Por serem vistas como “fora do padrão”, as pessoas com vitiligo enfrentam grande preconceito, e a presença da maquiadora no reality pode representar para elas superação e uma possibilidade de também terem sucesso. “Se amar não é uma tarefa fácil! Mas eu decidi me amar em cada detalhe, e por estar ‘fora do padrão’ tenho que me amar ainda mais”, compartilhou a participante em suas redes sociais, em 2020.
A diversidade no elenco do BBB vem sendo assunto desde a edição 21, que – até então – havia sido a edição com maior número de participantes negros da história. Sem dúvida, a determinação feita pela CBS (emissora americana dona do formato), no final de 2020, de que as novas temporadas de seus reality shows devem ter ao menos 50% dos participantes negros, indígenas ou mestiços impactou a escolha dos participantes das últimas edições.
Mas sem essas determinações, como ficam os “castings” da vida real?
Os desafios da representatividade no meio corporativo
O relatório “Diversity Matters: América Latina”, realizado em 2020 pela McKinsey, revela que empresas que investem em diversidade e inclusão têm 59% mais chances de obter resultados melhores que a concorrência.
Isso porque um ambiente de trabalho colaborativo, em que as pessoas se sentem livres para se expressar, é bem mais produtivo e propenso a soluções criativas e inovadoras. As pessoas ficam mais engajadas e com propósito mais claro..
No entanto, o universo corporativo ainda está longe de acompanhar o cenário de pluralidade social do País que – quem diria -, tem sido cada vez mais representado na mídia. O estudo “Diversidade, Representatividade & Percepção”, realizado pela consultoria Gestão Kairós, empresa especializada em Sustentabilidade e Diversidade, revela que apesar de negros e mulheres serem maioria no Brasil, continuam sendo minoria nas empresas.

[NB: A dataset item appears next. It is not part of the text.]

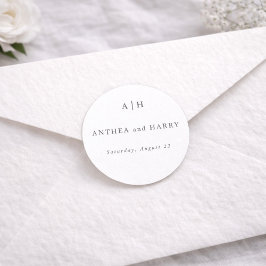 Moderne Serif Monogram Ronde Envelope Zegellak Sti Sticker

Mais de 26 mil pessoas foram entrevistadas, entre 2019 e 2021, e entre líderes, liderados, aprendizes e estagiários de várias companhias, foi constatado que homens são 68% dos funcionários, 64% são brancos, 94,6% são heterossexuais, 99,6% são cisgênero e 97,3% não possuem deficiência.
A única forma de garantir mudanças é apostar em ações afirmativas, visando a contratação e a retenção de talentos diversos nas empresas. Nós já falamos sobre isso em um artigo publicado em nosso blog.

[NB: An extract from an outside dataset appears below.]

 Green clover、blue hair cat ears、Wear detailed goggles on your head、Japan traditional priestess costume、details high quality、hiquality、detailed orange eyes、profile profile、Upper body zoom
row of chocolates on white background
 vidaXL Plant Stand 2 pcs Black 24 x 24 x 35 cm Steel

Atualmente, com a crescente do ESG, isso pode ser crucial para a longevidade dos negócios do ponto de vista do mercado consumidor e de investimentos. Um alerta recente foi a determinação da Nasdaq, exigindo mais mulheres e minorias, como LGBTQIA+ ou negros, nos conselhos de administração das companhias listadas, além de exigir que as companhias divulguem publicamente relatórios com dados estatísticos sobre a diversidade em seus conselhos, em sintonia com as recomendações de Larry Fink em sua carta anual pela BlackRock – a maior gestora de ativos do mundo está disposta a barrar investimentos para empresas que não se comprometerem com a geração de impacto positivo na sociedade.
Vale lembrar que, aqui no Brasil, o IBGC, o IFC e a B3 também lançaram uma carta aberta falando sobre diversidade nos conselhos. A pressão para ver um equilíbrio e maior representatividade de mulheres, negros, LGBTQIA+, pessoas com deficiência e outras diversidades tende a aumentar daqui pra frente.
Afinal de contas, representatividade importa sim, seja no entretenimento, seja nos negócios.